Orange County Business Journal

Kashkari Leaves Pimco to Consider Statewide Run as Republican

Jane Yu Thursday, January 24, 2013

The managing director who has overseen Newport Beach-based Pacific Investment Management Co.’s equity funds is leaving the company and considering a run for statewide office in California as a Republican.

Neel Kashkari joined Pimco in 2009, when the world’s biggest bond-fund manager started to expand into equity funds. He has helped launch six stock mutual funds since then. The funds now combine for about $10 billion.

Pimco, run by founder Bill Gross and Chief Executive Mohamed El-Erian, currently has about $1.92 trillion in assets.

There currently are no Republicans holding statewide office in California, a roster of eight positions that range from governor to insurance commission, and the party holds fewer than a third of the seats in both houses of the state’s legislature.

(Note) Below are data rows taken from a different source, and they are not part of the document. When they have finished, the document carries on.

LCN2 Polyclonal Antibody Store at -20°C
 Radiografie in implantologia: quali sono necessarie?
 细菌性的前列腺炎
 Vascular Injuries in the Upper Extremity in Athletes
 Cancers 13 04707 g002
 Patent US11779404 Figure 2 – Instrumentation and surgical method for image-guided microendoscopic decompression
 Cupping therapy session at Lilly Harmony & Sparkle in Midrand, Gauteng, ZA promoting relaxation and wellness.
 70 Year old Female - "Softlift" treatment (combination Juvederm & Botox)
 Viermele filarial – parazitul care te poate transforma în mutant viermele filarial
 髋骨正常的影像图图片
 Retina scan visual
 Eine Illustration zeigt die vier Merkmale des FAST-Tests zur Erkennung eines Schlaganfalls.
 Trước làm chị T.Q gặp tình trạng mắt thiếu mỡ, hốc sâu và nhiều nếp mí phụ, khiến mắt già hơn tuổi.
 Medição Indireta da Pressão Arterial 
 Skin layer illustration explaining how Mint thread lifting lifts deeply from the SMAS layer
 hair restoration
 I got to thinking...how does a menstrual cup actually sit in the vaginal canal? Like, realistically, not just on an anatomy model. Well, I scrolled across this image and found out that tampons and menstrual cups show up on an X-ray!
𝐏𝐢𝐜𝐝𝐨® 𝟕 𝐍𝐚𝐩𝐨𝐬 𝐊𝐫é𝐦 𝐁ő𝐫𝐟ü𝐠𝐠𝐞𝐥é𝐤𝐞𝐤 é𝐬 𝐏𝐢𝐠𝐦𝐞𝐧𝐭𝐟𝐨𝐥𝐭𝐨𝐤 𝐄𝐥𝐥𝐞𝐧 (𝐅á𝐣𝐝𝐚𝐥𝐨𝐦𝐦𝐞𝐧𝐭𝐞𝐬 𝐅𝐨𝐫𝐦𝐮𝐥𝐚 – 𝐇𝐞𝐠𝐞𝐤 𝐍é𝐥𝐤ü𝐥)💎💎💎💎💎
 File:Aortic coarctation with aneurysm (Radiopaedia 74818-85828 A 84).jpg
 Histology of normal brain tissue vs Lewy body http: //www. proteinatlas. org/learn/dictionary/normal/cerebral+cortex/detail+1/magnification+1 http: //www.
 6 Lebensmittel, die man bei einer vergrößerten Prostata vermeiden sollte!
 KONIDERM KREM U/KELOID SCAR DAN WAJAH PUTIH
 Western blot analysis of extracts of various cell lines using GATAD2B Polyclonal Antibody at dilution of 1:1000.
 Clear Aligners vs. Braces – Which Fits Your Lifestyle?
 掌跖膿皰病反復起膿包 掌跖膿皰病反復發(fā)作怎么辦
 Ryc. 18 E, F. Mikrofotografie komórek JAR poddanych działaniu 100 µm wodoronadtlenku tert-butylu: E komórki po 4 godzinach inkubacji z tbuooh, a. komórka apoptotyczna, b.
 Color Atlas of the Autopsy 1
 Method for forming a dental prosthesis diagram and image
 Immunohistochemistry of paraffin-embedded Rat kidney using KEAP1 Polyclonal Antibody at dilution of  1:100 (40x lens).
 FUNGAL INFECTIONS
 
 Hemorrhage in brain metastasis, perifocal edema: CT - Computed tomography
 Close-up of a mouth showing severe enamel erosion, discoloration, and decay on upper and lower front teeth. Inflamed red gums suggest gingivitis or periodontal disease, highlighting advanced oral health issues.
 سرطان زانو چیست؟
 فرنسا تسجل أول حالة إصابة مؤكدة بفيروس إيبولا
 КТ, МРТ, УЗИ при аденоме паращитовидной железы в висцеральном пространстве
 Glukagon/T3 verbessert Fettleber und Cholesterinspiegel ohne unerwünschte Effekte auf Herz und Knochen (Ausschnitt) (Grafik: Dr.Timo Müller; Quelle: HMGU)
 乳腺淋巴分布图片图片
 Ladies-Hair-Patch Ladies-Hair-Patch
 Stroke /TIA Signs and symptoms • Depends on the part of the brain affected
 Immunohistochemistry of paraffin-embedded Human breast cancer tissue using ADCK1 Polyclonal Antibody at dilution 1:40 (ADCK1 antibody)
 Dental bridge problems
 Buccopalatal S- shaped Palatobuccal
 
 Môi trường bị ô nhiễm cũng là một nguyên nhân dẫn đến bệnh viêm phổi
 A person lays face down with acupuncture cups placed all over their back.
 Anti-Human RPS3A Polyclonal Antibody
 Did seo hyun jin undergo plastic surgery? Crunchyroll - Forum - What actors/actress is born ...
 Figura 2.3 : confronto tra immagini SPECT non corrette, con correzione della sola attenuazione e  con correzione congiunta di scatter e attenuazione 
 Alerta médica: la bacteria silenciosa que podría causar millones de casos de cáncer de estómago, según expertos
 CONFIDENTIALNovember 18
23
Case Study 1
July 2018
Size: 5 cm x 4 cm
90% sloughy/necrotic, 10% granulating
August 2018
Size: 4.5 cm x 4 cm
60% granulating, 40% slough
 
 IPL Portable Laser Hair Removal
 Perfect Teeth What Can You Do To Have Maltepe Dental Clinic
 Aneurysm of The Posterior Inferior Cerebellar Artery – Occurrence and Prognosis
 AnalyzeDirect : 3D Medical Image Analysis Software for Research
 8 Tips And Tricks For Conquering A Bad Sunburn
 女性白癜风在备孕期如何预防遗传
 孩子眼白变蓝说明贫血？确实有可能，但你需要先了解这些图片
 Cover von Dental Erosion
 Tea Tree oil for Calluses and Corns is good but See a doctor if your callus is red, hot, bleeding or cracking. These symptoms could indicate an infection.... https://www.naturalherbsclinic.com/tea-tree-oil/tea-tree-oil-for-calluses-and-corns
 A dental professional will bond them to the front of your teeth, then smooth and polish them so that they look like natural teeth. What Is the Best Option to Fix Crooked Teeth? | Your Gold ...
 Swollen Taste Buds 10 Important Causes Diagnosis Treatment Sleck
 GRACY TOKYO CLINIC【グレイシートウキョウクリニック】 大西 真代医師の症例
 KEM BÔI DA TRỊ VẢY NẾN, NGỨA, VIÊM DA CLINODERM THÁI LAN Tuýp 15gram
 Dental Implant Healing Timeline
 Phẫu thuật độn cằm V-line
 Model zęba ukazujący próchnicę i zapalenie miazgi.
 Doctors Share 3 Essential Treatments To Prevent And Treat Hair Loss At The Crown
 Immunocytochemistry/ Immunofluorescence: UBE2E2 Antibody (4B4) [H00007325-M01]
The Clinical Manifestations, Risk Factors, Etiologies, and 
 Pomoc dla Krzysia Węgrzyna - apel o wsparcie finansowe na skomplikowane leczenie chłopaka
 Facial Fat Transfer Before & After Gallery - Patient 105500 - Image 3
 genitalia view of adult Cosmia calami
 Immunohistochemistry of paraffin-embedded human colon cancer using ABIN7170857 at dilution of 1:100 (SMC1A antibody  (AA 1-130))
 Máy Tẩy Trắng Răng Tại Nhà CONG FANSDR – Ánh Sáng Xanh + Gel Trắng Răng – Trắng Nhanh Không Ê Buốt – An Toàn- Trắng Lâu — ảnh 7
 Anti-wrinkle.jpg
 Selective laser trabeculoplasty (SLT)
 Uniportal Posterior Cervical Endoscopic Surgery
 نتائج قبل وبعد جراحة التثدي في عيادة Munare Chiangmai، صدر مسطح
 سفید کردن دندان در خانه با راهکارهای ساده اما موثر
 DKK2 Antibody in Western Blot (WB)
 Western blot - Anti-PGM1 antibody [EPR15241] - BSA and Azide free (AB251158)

A run for office would be a return to public service for Kashkari, who worked at Goldman Sachs & Co. in San Francisco before going to the U.S. Treasury Department in 2006.

Kashkari, who hails from Akron, Ohio, and is in his early 40s, was an aide to Treasury Secretary Hank Paulson when he was tapped to oversee the $700 billion federal bailout at the onset of the recent recession in 2008.

Kashkari became a public face of the Troubled Asset Relief Program (TARP), drawing steady criticism from Congress, Wall Street and other precincts. He left the job after seven months and took a hiatus before joining Pimco.

Kashkari confirmed recent speculation that he might seek statewide office.

His personal website at neelkashkari.com carried a message that lays initial groundwork for a run.

“California has so many strengths—a vibrant, diverse, hardworking population, world-class universities, unparalleled natural resources and beauty—it is up to us to unlock its potential and fulfill the dreams of all of our people,” the message states. “Our government must work for all Californians. I am reaching out to leaders in communities across California to hear their ideas, share my own, and explore how I can best affect positive change in our state. After decades of benign neglect, I believe it is our duty to finally have an honest discussion about these issues and take bold action to help all Californians succeed.”